**EXERCISE DETAILS**
Only one stretch of the material below is wanted: everything from the line containing "Adidas Damenhose, Tight, 3/4" down to the line containing "Quel sport correspond au circuit training ?", both ends included. Repeat it exactly and skip the pictures.

**INPUT**
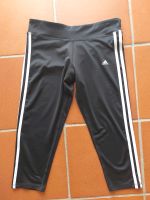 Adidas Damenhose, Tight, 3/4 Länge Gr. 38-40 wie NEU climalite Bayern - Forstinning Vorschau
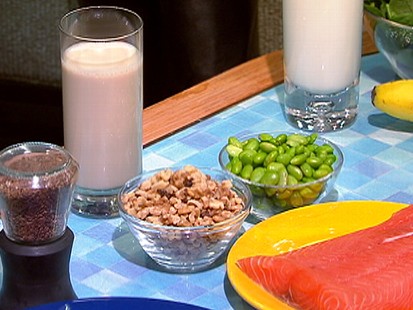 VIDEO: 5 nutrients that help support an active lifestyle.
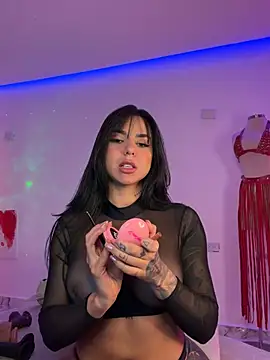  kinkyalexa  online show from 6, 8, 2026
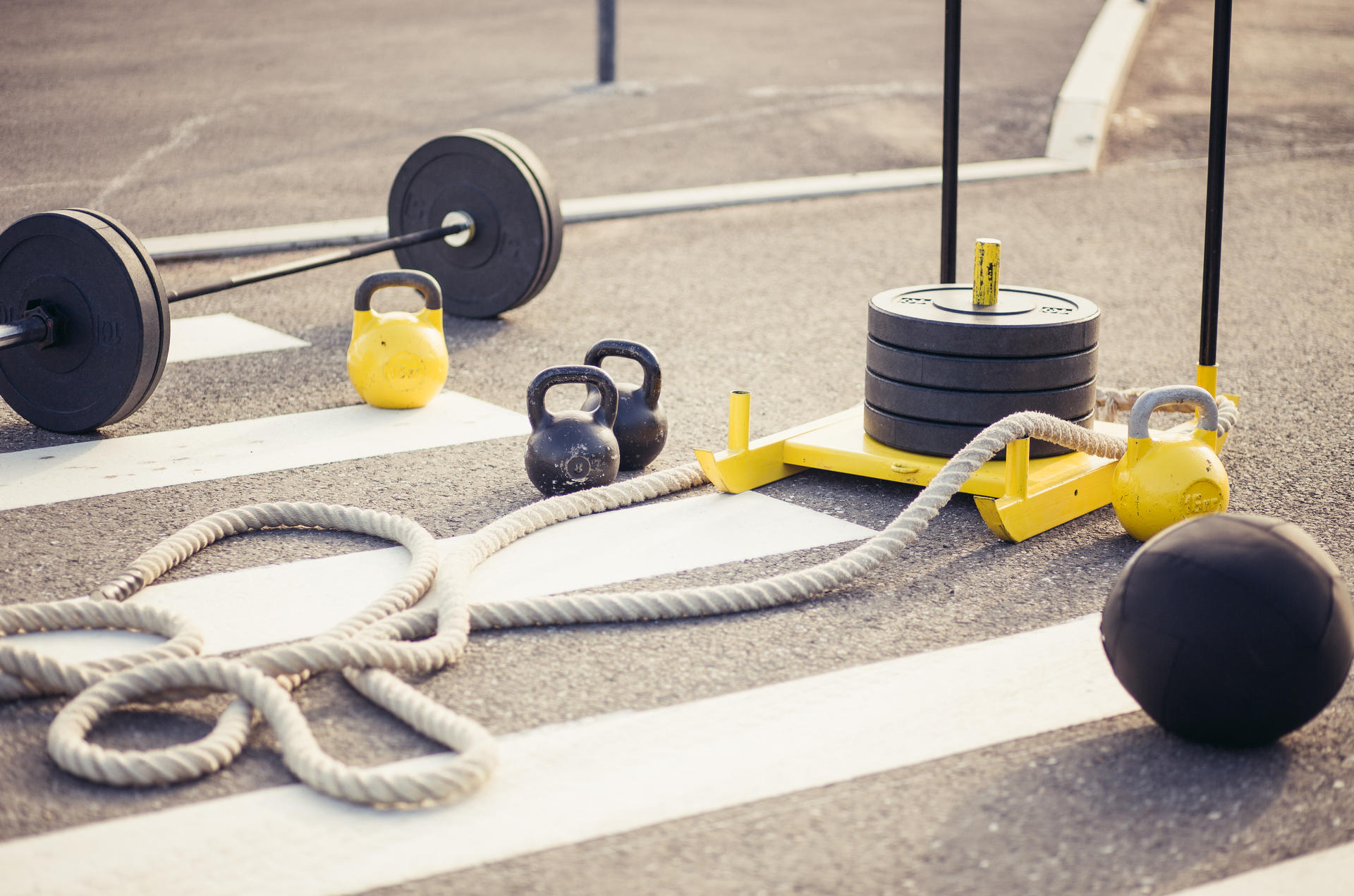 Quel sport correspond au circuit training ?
---
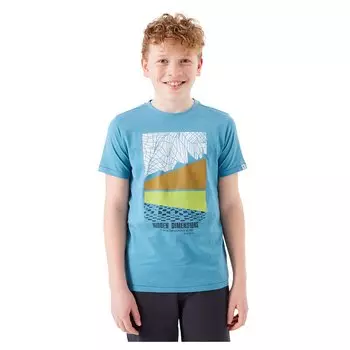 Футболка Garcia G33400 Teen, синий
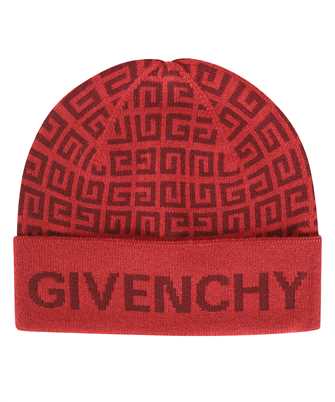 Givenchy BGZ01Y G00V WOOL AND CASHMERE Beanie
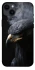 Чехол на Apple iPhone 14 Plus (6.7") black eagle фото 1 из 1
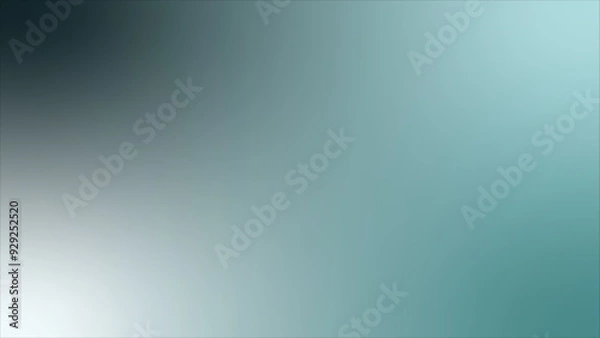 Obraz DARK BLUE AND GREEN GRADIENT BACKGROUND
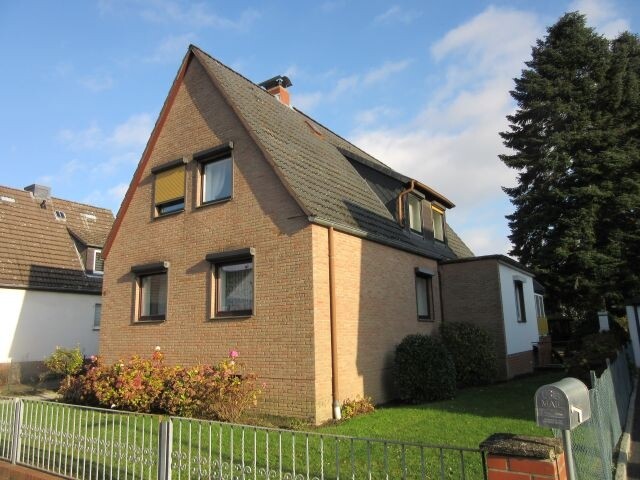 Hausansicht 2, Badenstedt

**EXPECTED ANSWER**
 Adidas Damenhose, Tight, 3/4 Länge Gr. 38-40 wie NEU climalite Bayern - Forstinning Vorschau
 VIDEO: 5 nutrients that help support an active lifestyle.
  kinkyalexa  online show from 6, 8, 2026
 Quel sport correspond au circuit training ?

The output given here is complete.